▸ Extracted material
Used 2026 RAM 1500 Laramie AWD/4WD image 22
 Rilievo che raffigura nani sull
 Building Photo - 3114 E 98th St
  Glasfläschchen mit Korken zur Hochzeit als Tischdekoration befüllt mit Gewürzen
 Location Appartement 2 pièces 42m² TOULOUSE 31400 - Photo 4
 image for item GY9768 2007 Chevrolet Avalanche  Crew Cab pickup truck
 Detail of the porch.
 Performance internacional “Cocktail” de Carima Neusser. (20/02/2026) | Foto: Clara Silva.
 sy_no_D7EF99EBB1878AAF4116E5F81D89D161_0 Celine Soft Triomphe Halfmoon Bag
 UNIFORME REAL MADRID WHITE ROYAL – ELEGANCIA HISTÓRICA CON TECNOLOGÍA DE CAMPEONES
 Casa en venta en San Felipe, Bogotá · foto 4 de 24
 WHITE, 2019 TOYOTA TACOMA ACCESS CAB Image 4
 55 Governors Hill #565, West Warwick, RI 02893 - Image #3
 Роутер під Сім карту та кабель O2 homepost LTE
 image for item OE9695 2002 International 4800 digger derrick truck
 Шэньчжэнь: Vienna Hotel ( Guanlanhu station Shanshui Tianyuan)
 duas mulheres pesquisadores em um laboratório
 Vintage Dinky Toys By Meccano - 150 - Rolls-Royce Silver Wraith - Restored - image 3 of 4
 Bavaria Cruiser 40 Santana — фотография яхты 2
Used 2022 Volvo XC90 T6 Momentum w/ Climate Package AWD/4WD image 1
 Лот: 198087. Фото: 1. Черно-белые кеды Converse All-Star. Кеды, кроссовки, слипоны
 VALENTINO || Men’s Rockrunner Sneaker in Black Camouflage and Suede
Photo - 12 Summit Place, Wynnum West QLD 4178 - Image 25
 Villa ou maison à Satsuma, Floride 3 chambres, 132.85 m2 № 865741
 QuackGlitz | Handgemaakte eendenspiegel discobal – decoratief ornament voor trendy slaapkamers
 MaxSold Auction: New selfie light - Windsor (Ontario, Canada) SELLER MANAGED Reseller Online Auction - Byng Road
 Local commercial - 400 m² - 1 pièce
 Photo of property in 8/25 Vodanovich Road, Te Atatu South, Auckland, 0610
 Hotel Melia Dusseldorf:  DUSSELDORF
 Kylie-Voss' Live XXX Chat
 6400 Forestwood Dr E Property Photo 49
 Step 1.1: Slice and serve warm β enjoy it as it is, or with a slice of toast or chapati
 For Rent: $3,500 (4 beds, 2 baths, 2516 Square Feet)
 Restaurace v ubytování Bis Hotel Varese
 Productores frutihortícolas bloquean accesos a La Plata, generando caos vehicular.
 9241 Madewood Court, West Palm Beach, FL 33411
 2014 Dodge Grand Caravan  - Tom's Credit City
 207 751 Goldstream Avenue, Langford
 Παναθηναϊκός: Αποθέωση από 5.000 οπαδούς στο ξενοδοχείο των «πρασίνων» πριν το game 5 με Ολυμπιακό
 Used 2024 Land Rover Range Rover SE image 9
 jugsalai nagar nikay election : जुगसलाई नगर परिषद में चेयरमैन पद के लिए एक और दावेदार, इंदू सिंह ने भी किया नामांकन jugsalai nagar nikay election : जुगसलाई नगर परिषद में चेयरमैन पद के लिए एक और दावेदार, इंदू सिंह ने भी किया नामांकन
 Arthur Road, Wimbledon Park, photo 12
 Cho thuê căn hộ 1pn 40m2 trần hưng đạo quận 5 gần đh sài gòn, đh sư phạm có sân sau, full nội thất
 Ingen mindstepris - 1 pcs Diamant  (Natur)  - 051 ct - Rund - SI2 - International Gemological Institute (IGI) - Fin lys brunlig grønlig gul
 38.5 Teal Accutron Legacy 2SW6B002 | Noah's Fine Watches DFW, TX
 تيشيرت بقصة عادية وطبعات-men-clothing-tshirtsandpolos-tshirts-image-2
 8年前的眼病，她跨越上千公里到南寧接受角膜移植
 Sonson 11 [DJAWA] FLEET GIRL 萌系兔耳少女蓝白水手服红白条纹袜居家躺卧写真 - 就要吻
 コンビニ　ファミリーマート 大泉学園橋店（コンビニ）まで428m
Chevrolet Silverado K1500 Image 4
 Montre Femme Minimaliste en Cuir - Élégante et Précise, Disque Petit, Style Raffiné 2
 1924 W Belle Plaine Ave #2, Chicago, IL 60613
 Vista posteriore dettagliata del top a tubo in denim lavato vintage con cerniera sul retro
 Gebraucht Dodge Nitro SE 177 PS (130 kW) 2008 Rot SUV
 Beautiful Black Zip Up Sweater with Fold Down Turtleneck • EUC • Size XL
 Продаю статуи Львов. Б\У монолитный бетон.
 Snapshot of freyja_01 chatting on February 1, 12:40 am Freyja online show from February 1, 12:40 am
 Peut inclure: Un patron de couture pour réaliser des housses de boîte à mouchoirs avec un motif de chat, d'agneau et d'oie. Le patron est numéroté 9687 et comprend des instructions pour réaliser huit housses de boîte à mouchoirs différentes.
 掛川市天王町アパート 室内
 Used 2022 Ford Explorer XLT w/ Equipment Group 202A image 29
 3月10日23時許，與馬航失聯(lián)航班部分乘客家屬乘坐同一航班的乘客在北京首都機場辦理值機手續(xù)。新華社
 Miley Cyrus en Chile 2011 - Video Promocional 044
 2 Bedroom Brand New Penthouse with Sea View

▸ What to do
Could you count the lines in the material above that include the word "Chevrolet"? Give the count alone.

▸ Output
2